◆ YOUR INSTRUCTIONS ◆
Each line at or after the one containing "Used 2025 Nissan Rogue SV AWD/4WD image 11" should be transcribed exactly, up to and including the final line of the data.

◆ PROVIDED RECORDS ◆
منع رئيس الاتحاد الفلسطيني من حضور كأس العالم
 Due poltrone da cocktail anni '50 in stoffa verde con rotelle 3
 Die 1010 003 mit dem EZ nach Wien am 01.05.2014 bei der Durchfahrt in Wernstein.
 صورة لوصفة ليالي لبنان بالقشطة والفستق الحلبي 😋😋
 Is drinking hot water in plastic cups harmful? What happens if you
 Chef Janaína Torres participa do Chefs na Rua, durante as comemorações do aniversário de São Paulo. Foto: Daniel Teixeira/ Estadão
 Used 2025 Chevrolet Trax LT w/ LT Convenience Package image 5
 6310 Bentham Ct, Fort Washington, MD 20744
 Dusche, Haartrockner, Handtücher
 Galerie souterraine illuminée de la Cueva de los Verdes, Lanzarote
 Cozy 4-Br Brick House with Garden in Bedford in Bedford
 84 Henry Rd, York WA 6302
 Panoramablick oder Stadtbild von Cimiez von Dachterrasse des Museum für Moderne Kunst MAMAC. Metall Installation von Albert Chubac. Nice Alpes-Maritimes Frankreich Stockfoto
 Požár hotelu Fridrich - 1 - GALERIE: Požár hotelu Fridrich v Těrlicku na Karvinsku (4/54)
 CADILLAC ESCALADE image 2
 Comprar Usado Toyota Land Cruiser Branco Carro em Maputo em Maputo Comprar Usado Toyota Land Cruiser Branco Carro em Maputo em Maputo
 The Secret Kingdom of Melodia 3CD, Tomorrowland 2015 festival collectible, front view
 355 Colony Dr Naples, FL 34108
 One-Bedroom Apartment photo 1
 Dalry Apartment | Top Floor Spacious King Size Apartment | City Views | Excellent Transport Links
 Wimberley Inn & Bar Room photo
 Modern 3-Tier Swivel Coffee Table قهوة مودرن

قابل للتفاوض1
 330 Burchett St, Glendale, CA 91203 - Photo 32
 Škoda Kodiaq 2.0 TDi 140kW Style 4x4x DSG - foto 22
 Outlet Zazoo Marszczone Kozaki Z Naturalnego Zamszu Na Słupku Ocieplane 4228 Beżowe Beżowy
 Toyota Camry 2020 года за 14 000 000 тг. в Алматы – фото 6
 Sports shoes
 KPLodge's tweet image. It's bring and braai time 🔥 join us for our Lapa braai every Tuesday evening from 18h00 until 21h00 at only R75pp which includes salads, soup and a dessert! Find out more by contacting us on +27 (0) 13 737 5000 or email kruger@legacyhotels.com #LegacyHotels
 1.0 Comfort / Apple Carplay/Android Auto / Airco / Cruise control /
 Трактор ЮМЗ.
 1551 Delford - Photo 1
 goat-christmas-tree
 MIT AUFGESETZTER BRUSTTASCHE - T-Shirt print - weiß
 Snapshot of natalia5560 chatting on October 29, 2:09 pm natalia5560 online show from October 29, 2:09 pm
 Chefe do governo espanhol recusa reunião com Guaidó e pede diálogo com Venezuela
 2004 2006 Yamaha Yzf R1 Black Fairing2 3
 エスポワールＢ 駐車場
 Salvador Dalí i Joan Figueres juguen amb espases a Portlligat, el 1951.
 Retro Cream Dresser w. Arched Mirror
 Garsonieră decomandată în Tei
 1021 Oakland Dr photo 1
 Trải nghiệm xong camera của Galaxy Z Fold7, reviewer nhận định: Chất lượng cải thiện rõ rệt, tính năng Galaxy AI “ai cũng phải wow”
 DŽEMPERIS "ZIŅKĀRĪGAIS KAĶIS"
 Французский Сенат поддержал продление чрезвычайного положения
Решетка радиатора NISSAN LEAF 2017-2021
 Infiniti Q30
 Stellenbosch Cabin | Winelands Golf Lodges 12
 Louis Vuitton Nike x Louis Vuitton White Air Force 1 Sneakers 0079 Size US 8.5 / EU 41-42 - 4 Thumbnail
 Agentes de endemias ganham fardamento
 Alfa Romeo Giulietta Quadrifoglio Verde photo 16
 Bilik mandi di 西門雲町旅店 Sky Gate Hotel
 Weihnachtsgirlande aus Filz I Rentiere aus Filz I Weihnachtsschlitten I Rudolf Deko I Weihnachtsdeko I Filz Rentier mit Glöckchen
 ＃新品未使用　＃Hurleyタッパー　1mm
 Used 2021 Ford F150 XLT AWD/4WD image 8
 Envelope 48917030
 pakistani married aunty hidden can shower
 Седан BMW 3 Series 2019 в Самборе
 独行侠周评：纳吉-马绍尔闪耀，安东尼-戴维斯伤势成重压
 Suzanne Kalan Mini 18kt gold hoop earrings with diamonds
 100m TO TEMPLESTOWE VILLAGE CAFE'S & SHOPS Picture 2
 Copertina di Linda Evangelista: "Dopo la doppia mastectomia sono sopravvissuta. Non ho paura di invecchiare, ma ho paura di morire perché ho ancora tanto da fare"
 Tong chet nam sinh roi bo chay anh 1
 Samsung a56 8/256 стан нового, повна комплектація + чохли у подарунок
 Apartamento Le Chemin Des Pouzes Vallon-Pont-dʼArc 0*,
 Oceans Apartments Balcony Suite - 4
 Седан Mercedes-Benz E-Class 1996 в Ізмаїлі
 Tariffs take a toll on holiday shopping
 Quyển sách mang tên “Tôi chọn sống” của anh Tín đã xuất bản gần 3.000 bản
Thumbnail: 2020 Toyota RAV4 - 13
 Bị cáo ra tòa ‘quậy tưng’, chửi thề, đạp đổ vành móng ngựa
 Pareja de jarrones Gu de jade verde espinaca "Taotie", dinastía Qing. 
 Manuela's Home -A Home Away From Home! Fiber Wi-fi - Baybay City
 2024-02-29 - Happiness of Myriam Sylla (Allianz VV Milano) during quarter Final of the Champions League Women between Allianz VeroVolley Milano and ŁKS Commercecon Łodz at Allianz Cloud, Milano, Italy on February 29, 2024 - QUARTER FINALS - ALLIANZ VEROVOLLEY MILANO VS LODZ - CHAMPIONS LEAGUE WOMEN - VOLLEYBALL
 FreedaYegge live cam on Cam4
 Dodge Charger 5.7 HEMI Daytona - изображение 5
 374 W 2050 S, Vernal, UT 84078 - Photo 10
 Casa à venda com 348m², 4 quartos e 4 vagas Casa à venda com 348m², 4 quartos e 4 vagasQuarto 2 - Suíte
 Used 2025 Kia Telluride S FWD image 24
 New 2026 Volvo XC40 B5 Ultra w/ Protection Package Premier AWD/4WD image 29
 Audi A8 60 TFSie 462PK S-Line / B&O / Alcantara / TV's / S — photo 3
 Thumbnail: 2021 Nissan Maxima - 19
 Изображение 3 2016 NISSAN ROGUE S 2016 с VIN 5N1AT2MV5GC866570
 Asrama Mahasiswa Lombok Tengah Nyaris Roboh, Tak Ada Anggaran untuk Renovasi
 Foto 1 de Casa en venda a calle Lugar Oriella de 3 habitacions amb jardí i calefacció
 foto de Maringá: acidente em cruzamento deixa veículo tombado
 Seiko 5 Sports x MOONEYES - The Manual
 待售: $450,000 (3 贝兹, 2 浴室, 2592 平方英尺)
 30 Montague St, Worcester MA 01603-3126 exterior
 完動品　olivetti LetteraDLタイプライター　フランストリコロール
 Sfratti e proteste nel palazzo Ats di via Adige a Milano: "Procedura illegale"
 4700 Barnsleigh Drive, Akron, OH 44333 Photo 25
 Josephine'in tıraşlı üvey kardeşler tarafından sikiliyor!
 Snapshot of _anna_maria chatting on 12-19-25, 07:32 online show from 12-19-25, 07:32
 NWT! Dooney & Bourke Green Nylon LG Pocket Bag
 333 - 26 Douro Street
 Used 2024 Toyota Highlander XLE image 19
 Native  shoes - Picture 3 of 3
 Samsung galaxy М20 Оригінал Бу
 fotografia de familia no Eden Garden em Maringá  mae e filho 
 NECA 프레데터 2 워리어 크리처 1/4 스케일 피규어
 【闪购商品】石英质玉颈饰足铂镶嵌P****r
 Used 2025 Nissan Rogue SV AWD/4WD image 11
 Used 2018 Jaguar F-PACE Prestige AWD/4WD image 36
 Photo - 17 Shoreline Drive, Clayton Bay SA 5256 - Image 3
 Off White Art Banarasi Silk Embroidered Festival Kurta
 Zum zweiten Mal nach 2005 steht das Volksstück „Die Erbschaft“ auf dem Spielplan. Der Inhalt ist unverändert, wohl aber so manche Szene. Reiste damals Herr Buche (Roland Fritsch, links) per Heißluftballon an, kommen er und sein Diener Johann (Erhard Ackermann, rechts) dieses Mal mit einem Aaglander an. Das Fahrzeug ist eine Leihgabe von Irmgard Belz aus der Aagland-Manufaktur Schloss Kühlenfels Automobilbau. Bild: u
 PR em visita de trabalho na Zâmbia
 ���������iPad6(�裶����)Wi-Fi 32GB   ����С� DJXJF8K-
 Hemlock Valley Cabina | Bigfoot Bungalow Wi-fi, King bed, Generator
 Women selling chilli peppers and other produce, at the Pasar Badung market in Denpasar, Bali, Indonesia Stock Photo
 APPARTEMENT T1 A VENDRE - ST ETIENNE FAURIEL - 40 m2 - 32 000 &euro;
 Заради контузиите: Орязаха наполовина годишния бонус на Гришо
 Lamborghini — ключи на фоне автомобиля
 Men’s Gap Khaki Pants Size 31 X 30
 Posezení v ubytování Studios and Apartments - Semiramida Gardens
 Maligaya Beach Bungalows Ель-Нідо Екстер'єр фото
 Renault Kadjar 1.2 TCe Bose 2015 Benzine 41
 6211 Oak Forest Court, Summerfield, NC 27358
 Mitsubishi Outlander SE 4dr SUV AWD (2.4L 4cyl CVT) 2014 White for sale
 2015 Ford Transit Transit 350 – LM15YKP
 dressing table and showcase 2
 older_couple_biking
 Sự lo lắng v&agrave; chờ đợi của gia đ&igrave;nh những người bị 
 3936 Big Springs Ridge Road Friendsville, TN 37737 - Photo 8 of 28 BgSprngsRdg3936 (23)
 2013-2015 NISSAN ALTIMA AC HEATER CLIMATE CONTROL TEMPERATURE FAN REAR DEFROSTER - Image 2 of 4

◆ ANSWER SECTION ◆
 Used 2025 Nissan Rogue SV AWD/4WD image 11
 Used 2018 Jaguar F-PACE Prestige AWD/4WD image 36
 Photo - 17 Shoreline Drive, Clayton Bay SA 5256 - Image 3
 Off White Art Banarasi Silk Embroidered Festival Kurta
 Zum zweiten Mal nach 2005 steht das Volksstück „Die Erbschaft“ auf dem Spielplan. Der Inhalt ist unverändert, wohl aber so manche Szene. Reiste damals Herr Buche (Roland Fritsch, links) per Heißluftballon an, kommen er und sein Diener Johann (Erhard Ackermann, rechts) dieses Mal mit einem Aaglander an. Das Fahrzeug ist eine Leihgabe von Irmgard Belz aus der Aagland-Manufaktur Schloss Kühlenfels Automobilbau. Bild: u
 PR em visita de trabalho na Zâmbia
 ���������iPad6(�裶����)Wi-Fi 32GB   ����С� DJXJF8K-
 Hemlock Valley Cabina | Bigfoot Bungalow Wi-fi, King bed, Generator
 Women selling chilli peppers and other produce, at the Pasar Badung market in Denpasar, Bali, Indonesia Stock Photo
 APPARTEMENT T1 A VENDRE - ST ETIENNE FAURIEL - 40 m2 - 32 000 &euro;
 Заради контузиите: Орязаха наполовина годишния бонус на Гришо
 Lamborghini — ключи на фоне автомобиля
 Men’s Gap Khaki Pants Size 31 X 30
 Posezení v ubytování Studios and Apartments - Semiramida Gardens
 Maligaya Beach Bungalows Ель-Нідо Екстер'єр фото
 Renault Kadjar 1.2 TCe Bose 2015 Benzine 41
 6211 Oak Forest Court, Summerfield, NC 27358
 Mitsubishi Outlander SE 4dr SUV AWD (2.4L 4cyl CVT) 2014 White for sale
 2015 Ford Transit Transit 350 – LM15YKP
 dressing table and showcase 2
 older_couple_biking
 Sự lo lắng v&agrave; chờ đợi của gia đ&igrave;nh những người bị 
 3936 Big Springs Ridge Road Friendsville, TN 37737 - Photo 8 of 28 BgSprngsRdg3936 (23)
 2013-2015 NISSAN ALTIMA AC HEATER CLIMATE CONTROL TEMPERATURE FAN REAR DEFROSTER - Image 2 of 4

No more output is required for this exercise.